DeepSeek-R1: A State-of-the-Art Reasoning Model for Agentic AI Inference
DeepSeek-R1: A Perfect Example of Test-Time Scaling
DeepSeek-R1 is an open model with state-of-the-art reasoning capabilities. Instead of offering direct responses, reasoning models like DeepSeek-R1 perform multiple inference passes over a query, conducting chain-of-thought, consensus, and search methods to generate the best answer.
The Importance of Test-Time Scaling
Performing this sequence of inference passes – using reason to arrive at the best answer – is known as test-time scaling. DeepSeek-R1 is a perfect example of this scaling law, demonstrating why accelerated computing is critical for the demands of agentic AI inference.
Model Quality and Test-Time Compute
As models are allowed to iteratively “think” through the problem, they create more output tokens and longer generation cycles, so model quality continues to scale. Significant test-time compute is critical to enable both real-time inference and higher-quality responses from reasoning models like DeepSeek-R1, requiring larger inference deployments.
High-Quality Inference and Real-Time Performance
R1 delivers leading accuracy for tasks demanding logical inference, reasoning, math, coding, and language understanding while also delivering high inference efficiency.
Introducing the DeepSeek-R1 NIM Microservice
To help developers securely experiment with these capabilities and build their own specialized agents, the 671-billion-parameter DeepSeek-R1 model is now available as an NVIDIA NIM microservice on build.nvidia.com. The DeepSeek-R1 NIM microservice can deliver up to 3,872 tokens per second on a single NVIDIA HGX H200 system.
Getting Started with the DeepSeek-R1 NIM Microservice
Developers can test and experiment with the application programming interface (API), which is expected to be available soon as a downloadable NIM microservice, part of the NVIDIA AI Enterprise software platform. The DeepSeek-R1 NIM microservice simplifies deployments with support for industry-standard APIs. Enterprises can maximize security and data privacy by running the NIM microservice on their preferred accelerated computing infrastructure.

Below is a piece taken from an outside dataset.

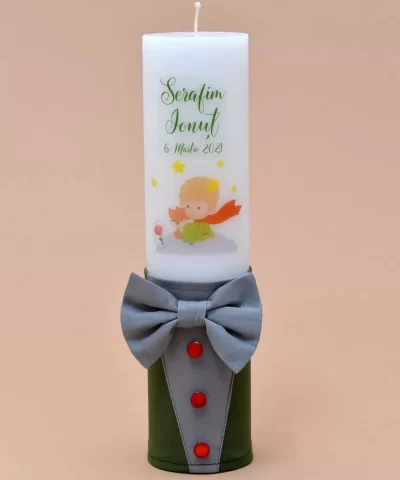Lumanare botez micul print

Creating Customized DeepSeek-R1 NIM Microservices
Using NVIDIA AI Foundry with NVIDIA NeMo software, enterprises will also be able to create customized DeepSeek-R1 NIM microservices for specialized AI agents.
Conclusion
The DeepSeek-R1 model is a large mixture-of-experts (MoE) model that incorporates an impressive 671 billion parameters, supporting a large input context length of 128,000 tokens. The model uses an extreme number of experts per layer, with each layer having 256 experts, with each token routed to eight separate experts in parallel for evaluation.

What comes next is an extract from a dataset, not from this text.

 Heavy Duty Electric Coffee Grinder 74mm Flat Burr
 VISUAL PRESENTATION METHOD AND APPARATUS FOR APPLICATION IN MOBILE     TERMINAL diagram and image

Frequently Asked Questions
Q: What is the main goal of the DeepSeek-R1 model?
A: The main goal of the DeepSeek-R1 model is to provide state-of-the-art reasoning capabilities for agentic AI inference.
Q: What is test-time scaling?
A: Test-time scaling refers to the process of using reason to arrive at the best answer, which requires multiple inference passes over a query.
Q: What is the importance of test-time compute for reasoning models like DeepSeek-R1?
A: Test-time compute is critical to enable both real-time inference and higher-quality responses from reasoning models like DeepSeek-R1, requiring larger inference deployments.
Q: How can I get started with the DeepSeek-R1 NIM microservice?
A: Developers can experience the DeepSeek-R1 NIM microservice on build.nvidia.com and can test and experiment with the API, which is expected to be available soon as a downloadable NIM microservice, part of the NVIDIA AI Enterprise software platform.